This is admittedly a somewhat unusual idea, as we ordinarily associate figurative language with poetry and with the creative aspects of language. But Gibbs (1994 [above]) suggests that 'what is frequently seen as a creative expression of some idea is often only a spectacular instantiation of specific metaphorical entailments that arise from the small set of conceptual metaphors shared by many individuals within a culture' (p. 424). The conceptual model assumes that the underlying nature of our thought processes is metaphorical. That is, we use metaphor to make sense of our experience. Thus, according to Gibbs, when we encounter a verbal metaphor it automatically activates the corresponding conceptual metaphor." (David W. Carroll, Psychology of Language, 5th ed. Thomson Wadsworth, 2008)

John Updike's Use of Figurative Language

"[John] Updike wrote self-consciously about big subjects and big themes, but he was always celebrated more for his prose style than for his subject matter.

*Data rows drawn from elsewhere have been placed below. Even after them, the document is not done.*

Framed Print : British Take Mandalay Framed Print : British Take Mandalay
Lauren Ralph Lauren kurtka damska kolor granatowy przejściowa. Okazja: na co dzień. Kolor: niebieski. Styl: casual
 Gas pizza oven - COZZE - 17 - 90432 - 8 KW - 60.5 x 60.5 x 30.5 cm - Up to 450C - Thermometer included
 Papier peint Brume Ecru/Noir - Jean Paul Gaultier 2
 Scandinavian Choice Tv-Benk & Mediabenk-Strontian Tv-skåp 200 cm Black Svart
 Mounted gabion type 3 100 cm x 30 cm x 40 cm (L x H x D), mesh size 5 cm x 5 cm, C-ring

And his great gift, on the level of style, was not just descriptive but explicitly figurative--not about presentation, in other words, but about transformation. This gift could work both for and against him. Figurative language, best employed, is a way of making connections between disparate phenomena, but even more than that it is a way of making us see better, more freshly, more naïvely. Updike was more than capable of such flights:

Outdoors it is growing dark and cool. The Norway maples exhale the smell of their sticky new buds and the broad living-room windows along Wilbur Street show beyond the silver patch of a television set the warm bulbs burning in kitchens, like fires at the backs of caves. . . .  [A] mailbox stands leaning in twilight on its concrete post. Tall two-petaled street sign, the cleat-gouged trunk of the telephone pole holding its insulators against the sky, fire hydrant like a golden bush: a grove.
[Rabbit, Run]

But taking one thing and turning it, via language, into another can also be a way of deferring or denying or opting out of engagement with the thing nominally being described." (Jonathan Dee, "Agreeable Angstrom: John Updike, Yes-Man." Harper's, June 2014)

The Abuse of Figurative Language

"Obfuscation also comes from mishandled metaphor. As readers of his reviews will know, letting [James] Wood anywhere near figurative language is like giving an alcoholic the keys to a distillery. In no time, he’s unsteady and comprehensibility is a casualty. Getting images upside down is a speciality. The personality of a Svevo character is, Wood writes, 'as comically perforated as a bullet-holed flag'—an odd view of what’s comical since such a flag would usually be found among the dead and mutilated on a battlefield. Another character is 'inundated with impressions . . . like Noah’s dove.' The point about Noah’s dove, though, is that it wasn’t inundated but survived the flood and ultimately brought back evidence that the waters had subsided." (Peter Kemp, review of How Fiction Works by James Wood. The Sunday Times, March 2, 2008)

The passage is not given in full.